September 08, 2004

Opinion:

To defeat the enemy, you must first identify the enemy

    By Jack Grant

Beth, of She Who Will Be Obeyed!, left a comment to my post below on some voices being raised in the Muslim world against the terrorism:

What I find frightening, Jack, is that some of the examples you point to seem to say that the killings were bad! But.... kidnappings are okay?!!
Mohammed Mahdi Akef, leader of Egypt's largest Islamic group, the outlawed Muslim Brotherhood, said in general, kidnappings may be justified, but killings are not. He said the school siege did not fit the Islamic concept of jihad, or holy war.
"What happened yesterday is not jihad because our Islam obligates us to respect the souls of human beings; it is not about taking them away," Akef told The Associated Press.

To me, until these people denounce jihad altogether and agree to live like civilized human beings who don't kidnap, terrorize, threaten, treat women as belongings or enslave other people, etc., I will not entertain any notion that Islam is a 'religion of peace'.


My response was mainly directed at the last sentence, because it sounds an awful lot like condemning of the whole for the actions of a few:

I find frightening many of the same things that you do. What tempers me from saying "Islam is evil" is that I saw people who were nominally Christian in the South think that lynching people because of their skin color was perfectly acceptable and even to be encouraged. They used Christian religious arguments to justify their actions. Looking a bit farther back in the past, the Christian Holy Bible was used to justify black slavery in the United States. An entire population of millions was brutalized over two centuries by a people who called themselves Christian. This does not mean Christianity is evil.

Is there a difference in terms of the actions taken? Yes, there is, although more people died in slavery and more children were separated forcibly from their families in the United States during the period of slavery than have been killed by Wahabist nihilists even now.

I work with a large number of muslims, and in my discussions with these people, they do not subscribe to what the mullahs in the Middle East or the radical clerics living in non-Arab countries preach, and they are equally horrified at the acts perpetrated supposedly in the name of Islam. Should they be speaking out against these acts? Yes, but this is not the first time people should be speaking out and do not. History is littered with instances where people were condemned to death or other horrors because of the silence of others. It is also far easier to condemn others for not speaking out than it is to speak out yourself. Look at a recent post by Boudicia (I may have mis-spelled it, sorry) where she described a tirade by an alcoholic in Florida towards his wife because he couldn't buy beer. Should someone have spoken out in her defense? Depending on the situation, probably. Did someone do so? Not likely. Again, a matter of degree, but it illustrates my point. Unless we speak out against evil in our own lives, who are we to condemn others for not speaking out?

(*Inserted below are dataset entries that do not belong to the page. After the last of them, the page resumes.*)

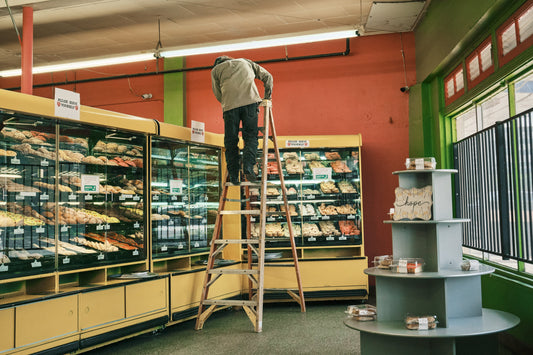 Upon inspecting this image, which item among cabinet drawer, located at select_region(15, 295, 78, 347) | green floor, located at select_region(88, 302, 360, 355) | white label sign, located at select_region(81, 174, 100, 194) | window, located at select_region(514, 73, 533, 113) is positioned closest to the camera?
cabinet drawer, located at select_region(15, 295, 78, 347)

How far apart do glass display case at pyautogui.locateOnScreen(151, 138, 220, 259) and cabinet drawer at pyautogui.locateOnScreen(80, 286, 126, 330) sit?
0.84 metres

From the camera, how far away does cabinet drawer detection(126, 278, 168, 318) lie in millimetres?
4996

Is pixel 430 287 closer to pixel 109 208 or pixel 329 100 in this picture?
pixel 109 208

Fundamentally, my point is that Islam is no more a monolith than Christianity. If we condemn all of Islam based on the actions of a minority, then we should condemn Christianity for many actions taken by the church in the past 2000 years, for actions even more recent that used Christianity as a justification, and even for some of the events of World War II, where the church was found to have assisted Nazi Germany in their "Final Solution".

I prefer to condemn Wahabism, which is why I have a link to John's post on "Wahabism delenda est" prominently displayed on my blog. Wahabism is not all of Islam, just as the radical denominations of Christianity that insist that a wife "submit to and obey her husband in all matters" and force the women to wear dresses, not allowing them to wear slacks, are not all of Christianity. Wahabism is evil. Islam is not evil, and saying Islam is evil diffuses our effort at defeating those who are evil.

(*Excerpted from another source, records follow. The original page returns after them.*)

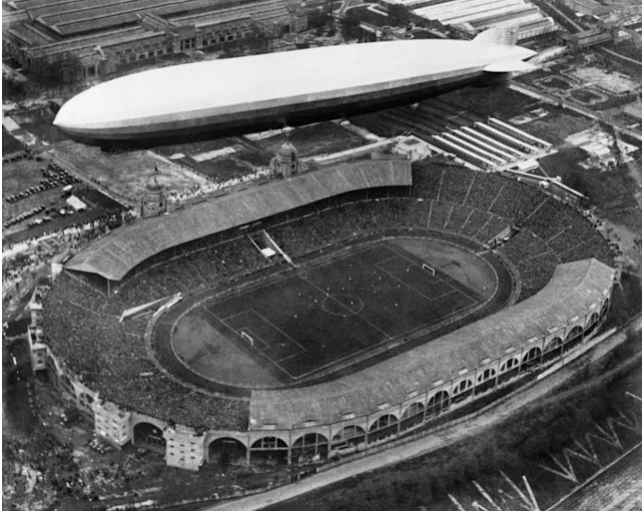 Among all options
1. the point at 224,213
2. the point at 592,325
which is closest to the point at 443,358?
the point at 592,325

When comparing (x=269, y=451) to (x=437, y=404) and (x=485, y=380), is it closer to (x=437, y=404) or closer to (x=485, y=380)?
(x=437, y=404)

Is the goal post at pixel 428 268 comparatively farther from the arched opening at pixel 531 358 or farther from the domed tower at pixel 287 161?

Today, Pennywit posted a link to an article in Time on reforms being undertaken in Islam in the United States. It shows that there is change occurring within Islam, but as with every change, especially in religion, it is slow and incremental. Recall how long it took to overcome many of the less desirable aspects of Christianity. I'm posting the entire article below because Time has a bad habit of making things unavailable except to subscribers after a short time.

Shaking Up Islam in America

By ASRA Q. NOMANI

Pundits have long been asking whether Islam is ready for a reform. The answer is that across the U.S., a quiet tide of Islamic reform is very much under way. In Chicago last year, the Downtown Islamic Center made room for four women on its board after they protested the design of a new mosque that would have given women inadequate space in which to pray. Instead, women got access to the main hall when the new mosque opened in July. In Dearborn, Mich., earlier this year, Imam Mohammed Mardini welcomed Christian women who weren't covering their hair, over the protests of men who wanted them barred. In Sacramento, Calif., not long ago, mosque leaders wrote their bylaws with clauses guaranteeing tolerance and gender equity. In New York City an e-magazine, Muslim WakeUp!, organizes monthly gatherings for Muslims who want to make their communities more tolerant.

Over the past year I have found myself on the front lines of the struggle over Islam's future in America. Last November, my mother, niece and I walked through the front door of our hometown mosque in Morgantown, W.Va., and prayed in the main sanctuary. In so doing we defied a policy that women enter through a back door and pray in an isolated balcony. Then, in the spring, my father resigned from the board of the mosque to protest speeches spewed from the pulpit that were hateful to non-Muslims. As a result of our protests, my family was vilified by local Muslims. I even face a secret trial to banish me from the mosque.

But our protests have also helped bring about a transformation. In May the first woman was elected to mosque leadership. In June mosque authorities publicly reversed policy and said women could enter through the front door and pray in the main hall. Since our actions began, more women attend worship services. Last month we won an even bigger victory. A Ph.D. student declared from the pulpit that "one of the most important fundamentals of our religion is to love and be loyal to Islam and the Muslims and to hate and renounce the disbelievers," the "cursed" Jews and Christians. I immediately protested the sermon, as did others. In the past, leaders have looked the other way. This time they called an emergency meeting and did the right thing. They fired the student from his post giving sermons.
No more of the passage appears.